* SUPPLIED ENTRIES:
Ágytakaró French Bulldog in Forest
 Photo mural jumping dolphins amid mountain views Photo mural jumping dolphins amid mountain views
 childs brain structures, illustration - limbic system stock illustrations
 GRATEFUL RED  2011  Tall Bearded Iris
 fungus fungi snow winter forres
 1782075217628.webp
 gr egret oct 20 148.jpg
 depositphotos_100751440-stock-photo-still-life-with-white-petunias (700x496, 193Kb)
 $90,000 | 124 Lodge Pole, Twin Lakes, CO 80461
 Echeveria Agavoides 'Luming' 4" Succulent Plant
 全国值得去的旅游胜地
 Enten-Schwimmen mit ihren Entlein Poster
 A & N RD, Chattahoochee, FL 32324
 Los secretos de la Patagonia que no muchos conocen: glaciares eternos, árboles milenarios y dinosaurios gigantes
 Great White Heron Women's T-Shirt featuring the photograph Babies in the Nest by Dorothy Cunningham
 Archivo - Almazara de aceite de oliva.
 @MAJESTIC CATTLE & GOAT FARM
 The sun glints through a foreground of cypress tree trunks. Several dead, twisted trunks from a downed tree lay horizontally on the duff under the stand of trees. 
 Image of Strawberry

* TASK BRIEF: Reproduce every line in the data that has the word "stock" in it.

* SOLUTION FOR THIS PROBLEM:
 childs brain structures, illustration - limbic system stock illustrations
 depositphotos_100751440-stock-photo-still-life-with-white-petunias (700x496, 193Kb)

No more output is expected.